Chinky eyes lack irony, and the milkshakes that console me
find too much purchase under taught t-shirts.

Getting pantsed at the urinal looks and feels redundant.
My nakedness dancing in fits, trying to pinch the flow of piss. 
When Mrs. Peacock consoles me, I tell her to fuck off.

Cursing is how I collect retribution, and my fucks are Bruce Lee nunchucks.
Kids play zero-sum games, and I don’t know if I’ll ever become King of the Hill,
but I know how I get my first black-eye, snow and ice.

I am embarrassed it didn’t come from a fight, so I lie.
My father shows me his favorite punching techniques,
but tomorrow we will dance to Michael Bolton.


Mrs. Peacock walks into the gym with her boombox like a briefcase,
her ponytail askew, held by a scrunchy made of black
incandescent sequins. We jazzercise beneath northern lights.
The ramshackle floor aches under our reeling.
A sixth grade class 33 miles north of the Arctic Circle
sweating to Michael Bolton.
My bowl-cut severe and bouncing middle-aged, white aerobics.

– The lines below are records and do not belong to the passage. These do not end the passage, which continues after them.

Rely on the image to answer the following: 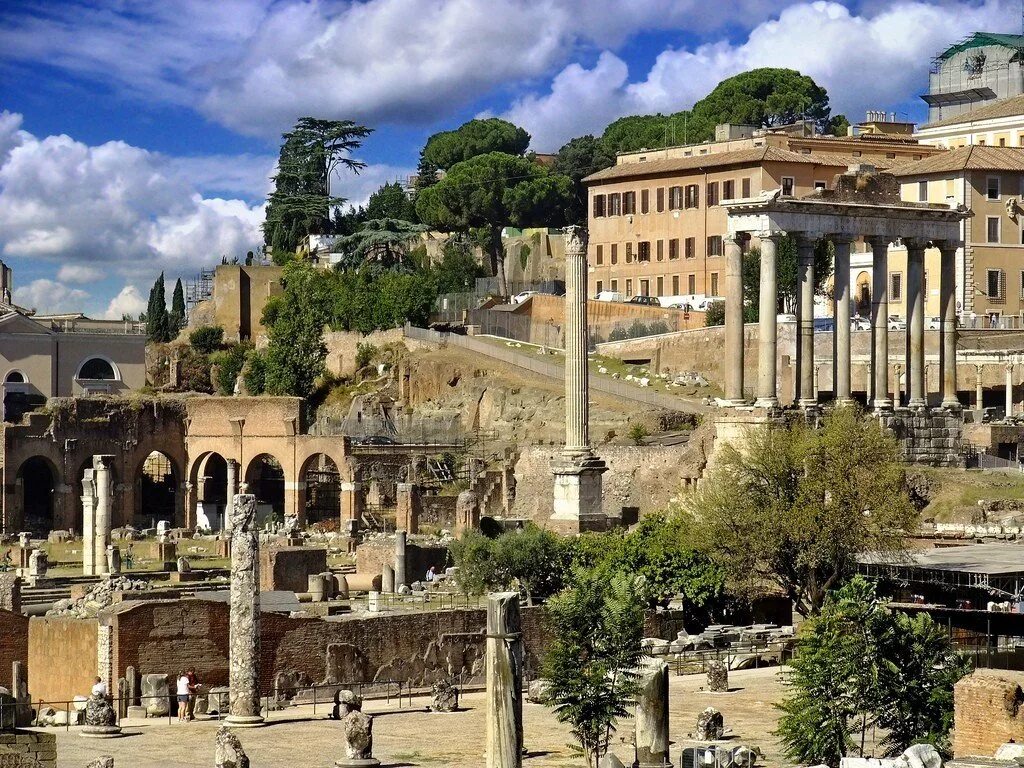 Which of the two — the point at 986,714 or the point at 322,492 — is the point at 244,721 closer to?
the point at 986,714

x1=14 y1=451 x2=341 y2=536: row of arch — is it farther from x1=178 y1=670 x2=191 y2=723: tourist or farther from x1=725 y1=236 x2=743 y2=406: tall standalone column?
x1=178 y1=670 x2=191 y2=723: tourist

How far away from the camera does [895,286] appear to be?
259 feet

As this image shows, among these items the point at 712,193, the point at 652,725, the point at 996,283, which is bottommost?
the point at 652,725

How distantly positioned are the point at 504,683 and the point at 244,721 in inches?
425

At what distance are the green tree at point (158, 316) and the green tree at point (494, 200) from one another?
14.4 m

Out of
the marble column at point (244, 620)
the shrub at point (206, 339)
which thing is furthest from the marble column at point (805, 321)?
the shrub at point (206, 339)

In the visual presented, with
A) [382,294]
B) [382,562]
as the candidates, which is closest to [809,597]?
[382,562]

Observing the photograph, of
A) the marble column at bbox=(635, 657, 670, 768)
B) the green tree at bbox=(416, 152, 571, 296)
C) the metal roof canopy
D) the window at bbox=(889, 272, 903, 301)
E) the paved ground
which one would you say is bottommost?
the paved ground

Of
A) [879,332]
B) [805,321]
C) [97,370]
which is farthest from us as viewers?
[97,370]

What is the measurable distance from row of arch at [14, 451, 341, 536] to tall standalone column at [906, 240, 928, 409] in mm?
23020

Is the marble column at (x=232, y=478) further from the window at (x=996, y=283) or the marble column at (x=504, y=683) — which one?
the marble column at (x=504, y=683)

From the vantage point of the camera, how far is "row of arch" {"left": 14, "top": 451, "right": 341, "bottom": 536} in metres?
75.6

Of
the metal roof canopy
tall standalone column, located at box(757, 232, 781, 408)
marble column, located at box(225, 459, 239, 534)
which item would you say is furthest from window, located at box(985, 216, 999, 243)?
the metal roof canopy

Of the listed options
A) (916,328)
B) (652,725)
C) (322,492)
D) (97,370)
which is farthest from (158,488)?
(652,725) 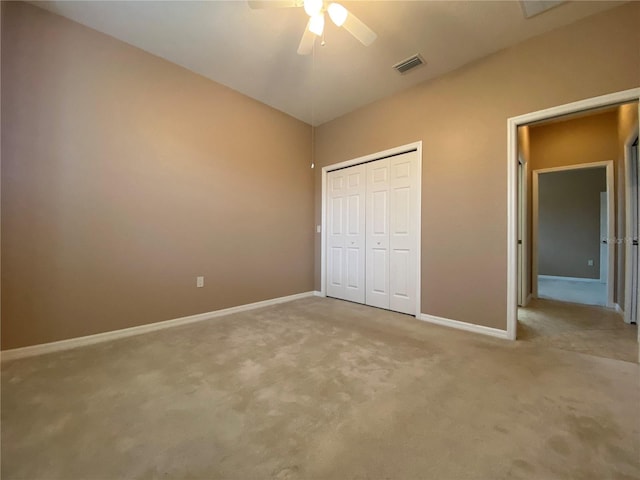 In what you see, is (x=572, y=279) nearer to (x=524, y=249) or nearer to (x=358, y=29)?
(x=524, y=249)

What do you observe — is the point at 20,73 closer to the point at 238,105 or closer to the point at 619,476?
the point at 238,105

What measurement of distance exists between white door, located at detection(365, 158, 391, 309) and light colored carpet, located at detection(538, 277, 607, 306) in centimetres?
311

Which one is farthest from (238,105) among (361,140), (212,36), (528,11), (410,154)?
(528,11)

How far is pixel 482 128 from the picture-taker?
8.84 ft

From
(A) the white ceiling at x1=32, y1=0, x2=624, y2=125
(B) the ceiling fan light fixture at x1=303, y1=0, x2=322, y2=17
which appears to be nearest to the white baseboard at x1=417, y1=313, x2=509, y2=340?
(A) the white ceiling at x1=32, y1=0, x2=624, y2=125

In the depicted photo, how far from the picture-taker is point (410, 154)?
3.28m

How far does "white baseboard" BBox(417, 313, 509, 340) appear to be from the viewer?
2533mm

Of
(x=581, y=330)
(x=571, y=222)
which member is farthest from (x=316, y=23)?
(x=571, y=222)

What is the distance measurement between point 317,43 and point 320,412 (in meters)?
3.13

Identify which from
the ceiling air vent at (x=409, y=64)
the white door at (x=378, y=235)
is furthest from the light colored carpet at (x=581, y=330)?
the ceiling air vent at (x=409, y=64)

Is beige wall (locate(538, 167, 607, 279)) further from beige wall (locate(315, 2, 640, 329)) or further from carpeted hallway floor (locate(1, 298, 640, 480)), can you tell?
carpeted hallway floor (locate(1, 298, 640, 480))

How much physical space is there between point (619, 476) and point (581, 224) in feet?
24.1

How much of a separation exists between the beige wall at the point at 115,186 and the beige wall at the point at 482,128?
2.21 meters

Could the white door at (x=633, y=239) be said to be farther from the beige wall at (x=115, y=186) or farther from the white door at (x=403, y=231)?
the beige wall at (x=115, y=186) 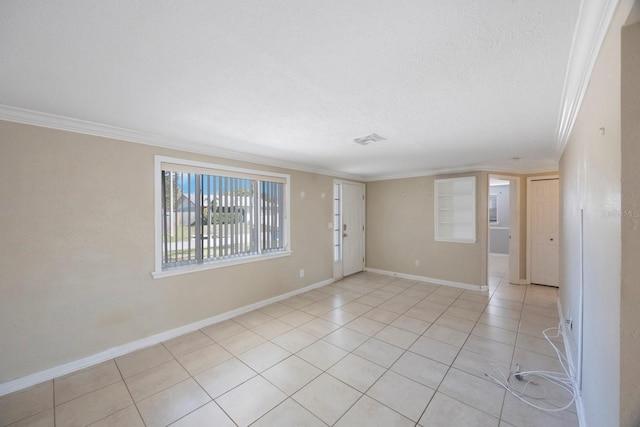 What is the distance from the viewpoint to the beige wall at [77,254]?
206 cm

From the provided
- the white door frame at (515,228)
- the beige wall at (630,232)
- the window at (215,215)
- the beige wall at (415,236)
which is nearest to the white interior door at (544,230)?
the white door frame at (515,228)

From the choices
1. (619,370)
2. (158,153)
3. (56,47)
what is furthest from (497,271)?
(56,47)

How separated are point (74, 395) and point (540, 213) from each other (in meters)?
6.96

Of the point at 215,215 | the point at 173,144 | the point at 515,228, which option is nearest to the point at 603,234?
the point at 215,215

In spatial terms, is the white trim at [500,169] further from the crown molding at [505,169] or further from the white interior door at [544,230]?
the white interior door at [544,230]

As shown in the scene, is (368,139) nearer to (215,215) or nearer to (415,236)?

Mrs. Peacock is not the PE teacher. She is necessity manifest.
I feed this scene to pigeons for decades,
sprinkling crumbs of schoolteacher and Michael Bolton,
making fun of their papier-mâché dance.
I ridicule a Peacock’s lack of irony.

90s Michael Bolton is an easy target.
A breath of chest hair with his shirt’s unbuttoned nakedness,
that voice throbbing for Kmart airspace and Cherry Icee.
His golden curls gamboling in the wind like a horse through flames.
I learned to dance listening to Michael Bolton,
perhaps that’s why I don’t dance these days.
I’m embarrassed by dancing’s sincerity, so I lie.
We’re not allowed to like Michael Bolton, even ironically.

I don’t like Michael Bolton or dancing,
but maybe I need Michael Bolton and dancing.

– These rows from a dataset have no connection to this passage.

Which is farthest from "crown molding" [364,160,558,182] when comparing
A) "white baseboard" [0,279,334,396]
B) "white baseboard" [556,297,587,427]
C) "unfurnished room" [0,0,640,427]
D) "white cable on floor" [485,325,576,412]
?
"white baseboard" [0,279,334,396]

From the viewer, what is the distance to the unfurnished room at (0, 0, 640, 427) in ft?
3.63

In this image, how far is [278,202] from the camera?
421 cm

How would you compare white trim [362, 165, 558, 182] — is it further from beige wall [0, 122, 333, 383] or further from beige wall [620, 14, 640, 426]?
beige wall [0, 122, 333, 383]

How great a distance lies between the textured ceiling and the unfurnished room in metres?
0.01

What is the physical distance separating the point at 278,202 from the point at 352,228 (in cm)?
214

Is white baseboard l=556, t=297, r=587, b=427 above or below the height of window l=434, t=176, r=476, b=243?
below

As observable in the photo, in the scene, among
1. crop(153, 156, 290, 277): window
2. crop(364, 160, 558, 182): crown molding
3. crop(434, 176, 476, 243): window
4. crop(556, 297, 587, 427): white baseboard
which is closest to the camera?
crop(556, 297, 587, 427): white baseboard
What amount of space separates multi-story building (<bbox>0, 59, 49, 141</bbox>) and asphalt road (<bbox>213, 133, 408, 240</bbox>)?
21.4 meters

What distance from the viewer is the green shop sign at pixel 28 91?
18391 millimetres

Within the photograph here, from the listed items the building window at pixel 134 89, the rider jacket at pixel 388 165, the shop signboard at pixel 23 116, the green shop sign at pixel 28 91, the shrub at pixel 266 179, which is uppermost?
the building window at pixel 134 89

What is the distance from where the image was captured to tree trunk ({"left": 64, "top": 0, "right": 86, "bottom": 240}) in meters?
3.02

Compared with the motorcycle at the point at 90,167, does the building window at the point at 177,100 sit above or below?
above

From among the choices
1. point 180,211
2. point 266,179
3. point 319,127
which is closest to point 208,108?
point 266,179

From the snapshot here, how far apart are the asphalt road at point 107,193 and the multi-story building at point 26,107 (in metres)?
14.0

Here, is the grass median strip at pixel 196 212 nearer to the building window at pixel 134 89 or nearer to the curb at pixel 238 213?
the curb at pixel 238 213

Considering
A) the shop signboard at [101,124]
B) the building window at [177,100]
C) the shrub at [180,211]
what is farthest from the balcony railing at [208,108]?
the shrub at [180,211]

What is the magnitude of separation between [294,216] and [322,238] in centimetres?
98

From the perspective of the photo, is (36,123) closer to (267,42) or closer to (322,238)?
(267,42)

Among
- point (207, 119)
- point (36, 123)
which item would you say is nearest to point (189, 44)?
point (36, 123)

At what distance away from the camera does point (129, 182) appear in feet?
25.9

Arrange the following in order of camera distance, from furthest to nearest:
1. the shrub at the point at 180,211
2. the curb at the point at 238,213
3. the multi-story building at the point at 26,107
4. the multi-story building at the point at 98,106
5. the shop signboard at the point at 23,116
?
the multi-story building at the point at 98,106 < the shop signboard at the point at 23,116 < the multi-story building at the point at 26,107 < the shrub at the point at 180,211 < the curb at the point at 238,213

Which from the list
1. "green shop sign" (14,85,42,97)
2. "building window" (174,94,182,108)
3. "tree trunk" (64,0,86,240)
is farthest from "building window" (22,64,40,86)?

Eddie Kim received his M.F.A. in Poetry from the University of Alaska Fairbanks. He is a Kundiman fellow from Seattle. His poems have appeared in Poetry Northwest, The Margins, The Collagist, Pinwheel, Narrative Magazine, and others. His poem, “Telephone of the Wind,” was featured on Tracy K. Smith’s show, The Slowdown.